Located in Cass County, in Southwestern Michigan, Dowagiac is a close-knit community that prides itself on the quality of life it provides residents, while preserving its long and storied past.
Derived from the Potawatomi word for “fishing water,” Dowagiac was originally settled by the Potawatomi, Chippewa and Ottawa tribes. However, in 1821, the tribes ceded the land which today makes up Cass County, and settlers followed shortly. The land for Dowagiac was first platted in 1848, and the Michigan Central railroad laid track in the town, turning it into a wheat shipping station. The station grew so large that on wheat day, farmers would line up for blocks to unload their grain.

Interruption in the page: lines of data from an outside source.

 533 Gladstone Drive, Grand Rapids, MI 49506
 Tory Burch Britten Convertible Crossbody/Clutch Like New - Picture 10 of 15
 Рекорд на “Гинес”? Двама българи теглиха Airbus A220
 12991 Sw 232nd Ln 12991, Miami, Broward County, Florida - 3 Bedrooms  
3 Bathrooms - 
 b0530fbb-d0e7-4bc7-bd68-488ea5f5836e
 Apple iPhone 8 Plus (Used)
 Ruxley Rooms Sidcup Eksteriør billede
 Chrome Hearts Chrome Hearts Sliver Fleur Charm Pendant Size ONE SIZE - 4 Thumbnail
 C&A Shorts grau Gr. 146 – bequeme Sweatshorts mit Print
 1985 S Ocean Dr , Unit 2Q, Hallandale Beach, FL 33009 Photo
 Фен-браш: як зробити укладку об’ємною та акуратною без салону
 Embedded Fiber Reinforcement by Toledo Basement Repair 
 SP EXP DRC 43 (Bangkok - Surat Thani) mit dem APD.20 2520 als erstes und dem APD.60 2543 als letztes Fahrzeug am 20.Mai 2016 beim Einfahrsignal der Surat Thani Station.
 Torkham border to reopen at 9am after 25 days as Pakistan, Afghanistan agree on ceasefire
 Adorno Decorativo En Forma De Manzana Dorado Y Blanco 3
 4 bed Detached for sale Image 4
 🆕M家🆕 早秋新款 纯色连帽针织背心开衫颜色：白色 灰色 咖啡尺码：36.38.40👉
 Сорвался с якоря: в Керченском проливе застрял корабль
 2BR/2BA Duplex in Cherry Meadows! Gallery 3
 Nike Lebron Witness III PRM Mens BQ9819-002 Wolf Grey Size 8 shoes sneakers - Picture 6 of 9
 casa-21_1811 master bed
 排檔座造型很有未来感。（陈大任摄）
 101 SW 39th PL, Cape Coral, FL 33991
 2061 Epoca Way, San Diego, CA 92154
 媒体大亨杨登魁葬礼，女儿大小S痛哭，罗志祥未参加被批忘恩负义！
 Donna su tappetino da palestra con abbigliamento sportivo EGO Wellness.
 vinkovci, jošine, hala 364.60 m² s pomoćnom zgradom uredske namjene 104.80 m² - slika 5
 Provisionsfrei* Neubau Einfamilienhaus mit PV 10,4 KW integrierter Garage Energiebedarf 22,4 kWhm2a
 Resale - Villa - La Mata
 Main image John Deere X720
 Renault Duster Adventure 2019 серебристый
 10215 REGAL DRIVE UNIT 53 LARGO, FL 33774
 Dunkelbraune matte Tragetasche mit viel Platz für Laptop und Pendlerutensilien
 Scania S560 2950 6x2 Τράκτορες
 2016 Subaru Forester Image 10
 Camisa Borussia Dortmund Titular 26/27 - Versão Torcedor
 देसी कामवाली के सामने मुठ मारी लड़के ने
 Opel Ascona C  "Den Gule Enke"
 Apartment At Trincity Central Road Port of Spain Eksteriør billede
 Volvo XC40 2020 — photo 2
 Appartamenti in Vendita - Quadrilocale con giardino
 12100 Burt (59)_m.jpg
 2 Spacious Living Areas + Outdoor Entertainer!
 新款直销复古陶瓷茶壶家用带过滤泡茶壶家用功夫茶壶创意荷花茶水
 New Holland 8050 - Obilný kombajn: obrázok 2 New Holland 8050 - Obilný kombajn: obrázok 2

Dowagiac was incorporated into a village in 1863, and fourteen years later, in 1877, it was incorporated as a city.
Dowagiac is served by the Dowagiac Union School District, which consists of six schools: four elementary, one middle school, and Dowagiac Union High School. M-51 and 62 connect Dowagiac to Niles and Interstate 94, as well as Cassopolis. Amtrak runs daily service between Detroit and Chicago from Dowagiac, and the town has a private airport. Dowagiac has one of the oldest Dial-A-Ride transportation services, the Dowagiac DART, which has been in existence for nearly 40 years. It operates both fixed routes and a Dial-A-Ride service, extending as far as Southwest Michigan College.
Dowagiac is home to the 5-Mile Drive-In Theater, one of the last remaining drive in theaters in the state. Lutz’s Drive-In Restaurant is located next door, and the two make for popular destinations in the summertime. Dowagiac is located in close proximity to the Sister Lakes in Keeler Township, making it a popular spot for visitors with summer homes on the lakes. Caruso’s Candy and Soda Shoppe, a Dowagiac staple since 1922, is located downtown, with a fully functional old fashioned soda fountain, as well as homemade candy.